** Opening Provided data block **
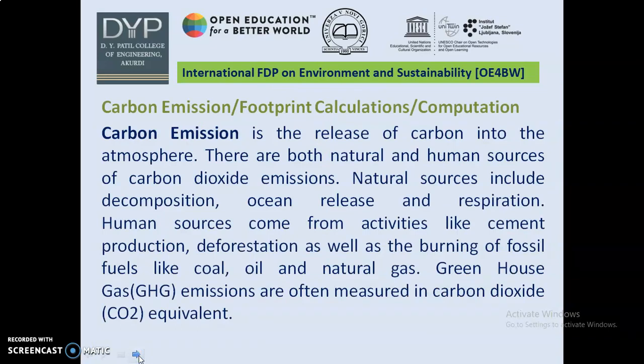Now I would like to explain about carbon emission. Carbon emission is the release of carbon into the atmosphere. There are both natural and human sources of carbon dioxide emission. Natural sources include decomposition, ocean release, and respiration. Human sources come from activities like cement production, deforestation, as well as the burning of fossil fuels like coal, oil, and natural gas. Greenhouse gas emissions are often measured in carbon dioxide equivalent.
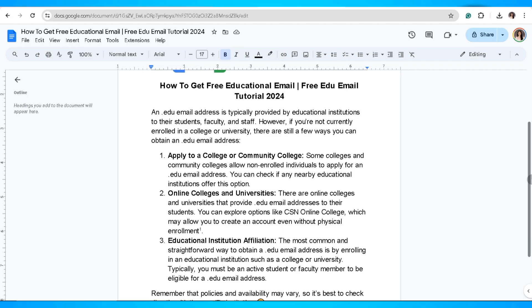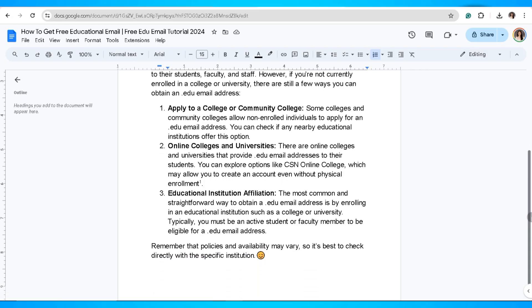The most common and fast way to obtain a .edu email address is by enrolling in an educational institution such as a college or university. Typically, you must be an active student or faculty member to be eligible for a .edu email address.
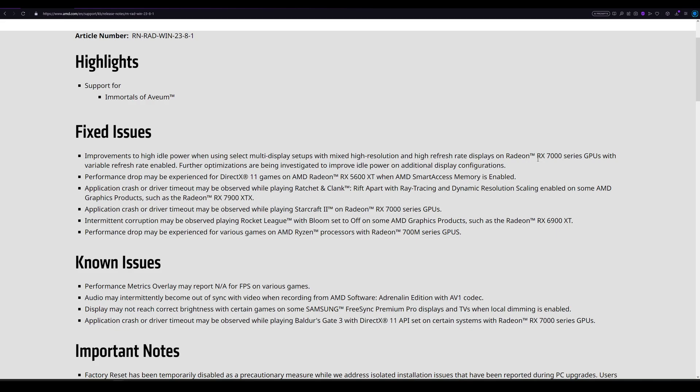The high idle power did drop when I set the refresh rate to 100 hertz and above. 100 hertz power draw remained in the 40 watts range, and at 144 it would actually go back up to 80 watts. So that's bad. They still have to fix stuff, but again, for a second monitor you don't really need more than 60 hertz. You're not gaming on that monitor. It's irrelevant from my point of view. Obviously, it would be nice to have it fixed permanently.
** Closing Provided data block **
● Exercise instructions
From the line that contains "The most common" to the final line of the material, write out each line exactly. Pictures stay out.

● Expected answer
The most common and fast way to obtain a .edu email address is by enrolling in an educational institution such as a college or university. Typically, you must be an active student or faculty member to be eligible for a .edu email address.
The high idle power did drop when I set the refresh rate to 100 hertz and above. 100 hertz power draw remained in the 40 watts range, and at 144 it would actually go back up to 80 watts. So that's bad. They still have to fix stuff, but again, for a second monitor you don't really need more than 60 hertz. You're not gaming on that monitor. It's irrelevant from my point of view. Obviously, it would be nice to have it fixed permanently.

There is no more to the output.